The Ofsted’s review of sexual abuse in schools and colleges (2021) following the testimonies shared on the Everyone’s Invited platform has been a source of anxiety for lots of schools.

In my conversations with safeguarding leads, the overriding concern is not around whether schools have been named or whether Ofsted is going to visit, but rather “have I done enough to keep children safe?”.

From a safeguarding perspective, this is an excellent question to ask. We know that safeguarding is an ever-developing picture, with the level and type of risks faced by children changing all the time. It is a statutory requirement that designated safeguarding leads attend training regularly and keep up-to-date with new information, because we are operating in a dynamic arena and need to understand the risks that children are facing.

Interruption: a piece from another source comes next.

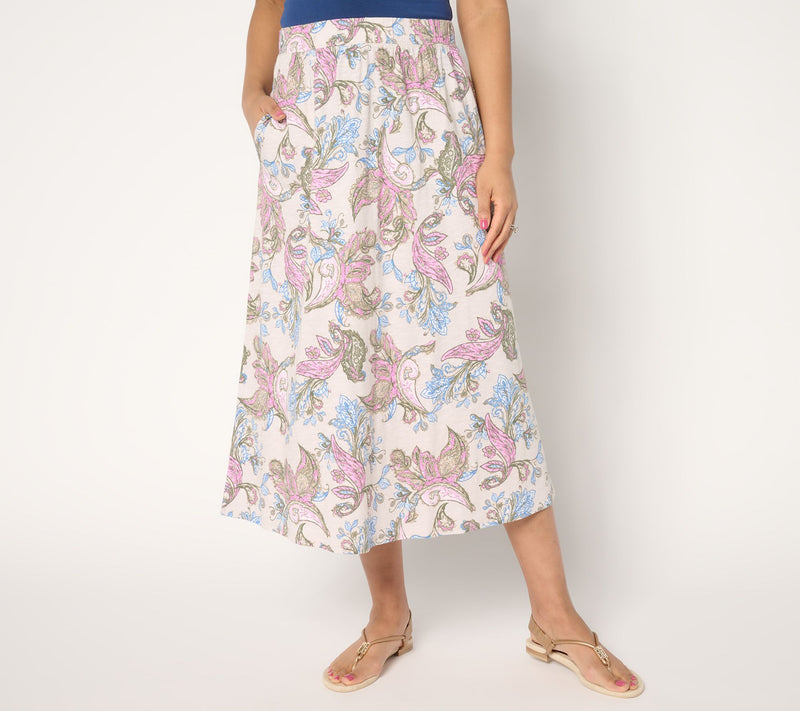 Denim & Co. Petite Linen Blend Midi Skirt with Pockets — Main view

There have been lots of articles and points of view shared about Everyone’s Invited and the role that schools play in supporting children with peer-on-peer abuse that happens outside of school. While there are differing opinions on this, the fundamental facts outlined in the Children Act 1989 and the statutory guidance that schools operate under (DfE 2020; 2021) remain the same.

Schools have a responsibility to safeguard children, act in their best interests and take action when a child is suffering, or is at risk of suffering, harm. As such, I am going to consider the question that many people have been asking of themselves in recent weeks – “Have I done enough to keep children safe?” – and offer some practical tips for conducting an internal review of safeguarding structures around sexual harassment, violence and abuse.


Your policy and training

The safeguarding policy and your child protection training are the foundations of your culture of safeguarding. Conduct a review of your policy and critically consider if it is robust enough in relation to sexual abuse and, in particular, peer on peer sexual abuse.

The information about what to include in your school policy around peer-on-peer abuse is detailed in paragraph 106 of Keeping Children Safe in Education (DfE, 2021) and is very prescriptive. It is important to look at this carefully and consider if you have really made it clear what your procedures are and how children can disclose if they need help.



SAFEGUARDING PODCAST: Elizabeth Rose is among the expert guests on a recent episode of The SecEd Podcast focused on effective safeguarding practice and which touches upon a range of issues, including sexual harassment and abuse. Listen for free via: https://bit.ly/3tyyY5r



The curriculum

Significant changes and modifications have been made to school PSHE curricula since the publication of the Relationships, Sex and Health Education statutory guidance for schools and colleges (DfE, 2019).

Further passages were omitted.